Data extract:
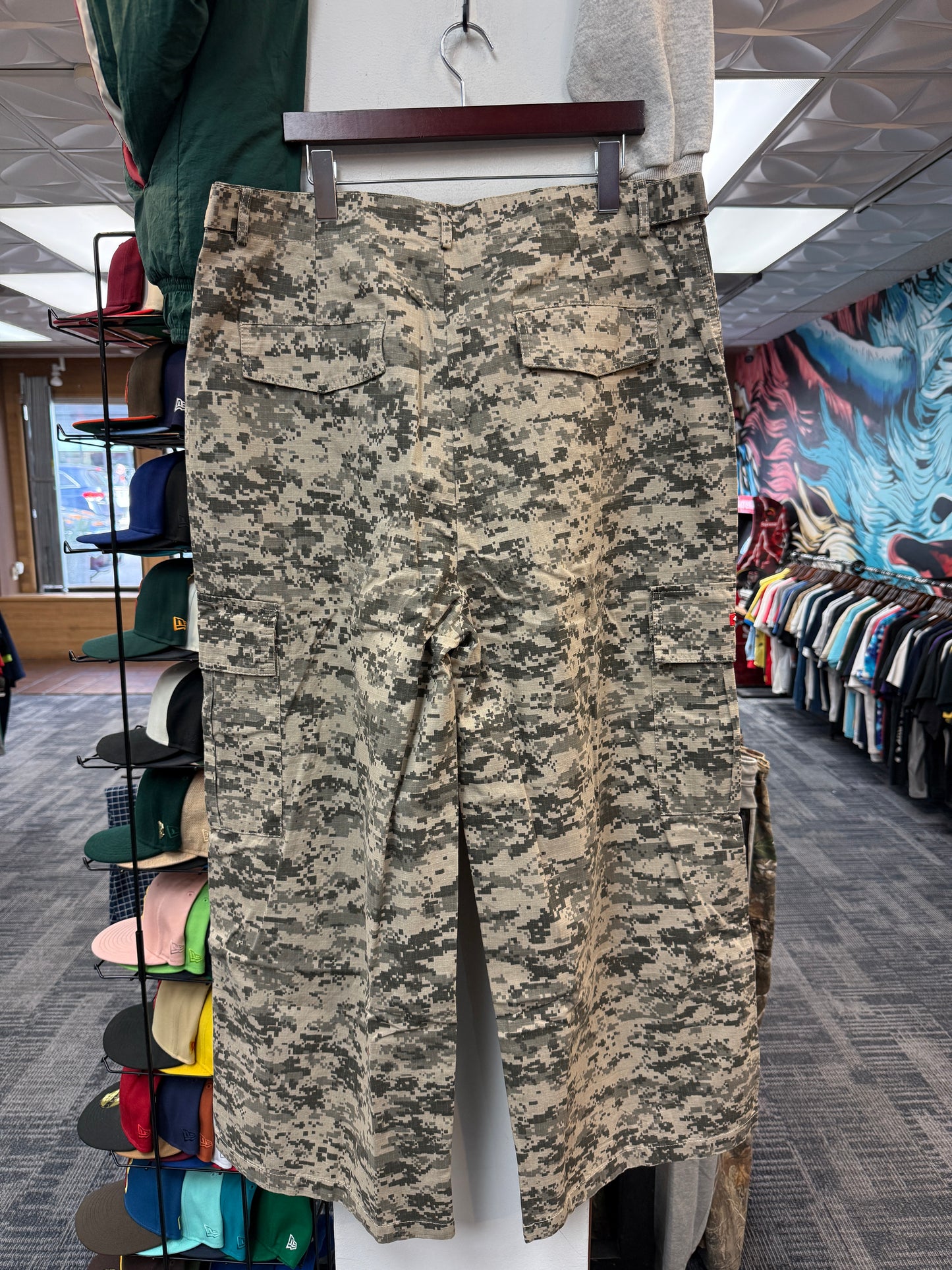 New GV Rasperry Hills Digi Camo Cargo Pants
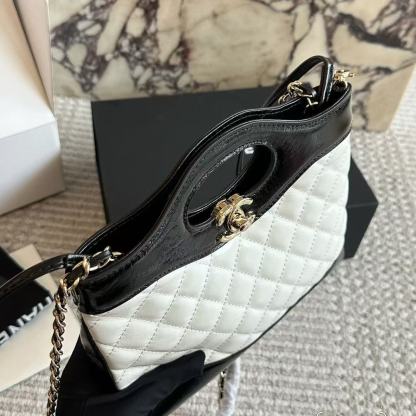 CHANE1 チェーンレザーハンドバッグ【50％割引+送料無料】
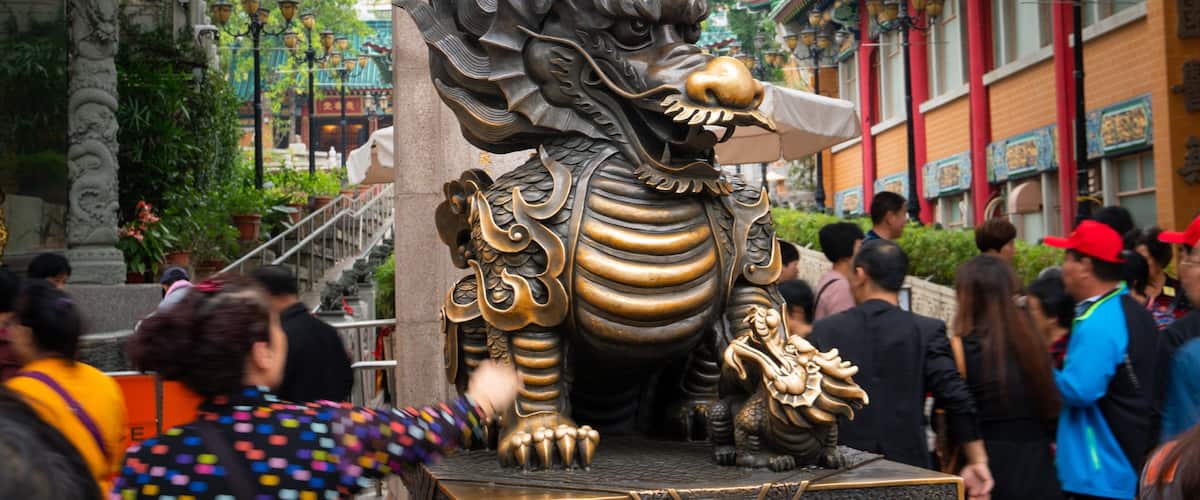Wong Tai Sin Temple featuring street scenes and heritage elements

Requirement:
Lines from the one holding "CHANE1 チェーンレザーハンドバッグ【50％割引+送料無料】" to the end of the data, both ends included, are to be given again exactly; no pictures belong in the copy.

Problem solution:
 CHANE1 チェーンレザーハンドバッグ【50％割引+送料無料】
Wong Tai Sin Temple featuring street scenes and heritage elements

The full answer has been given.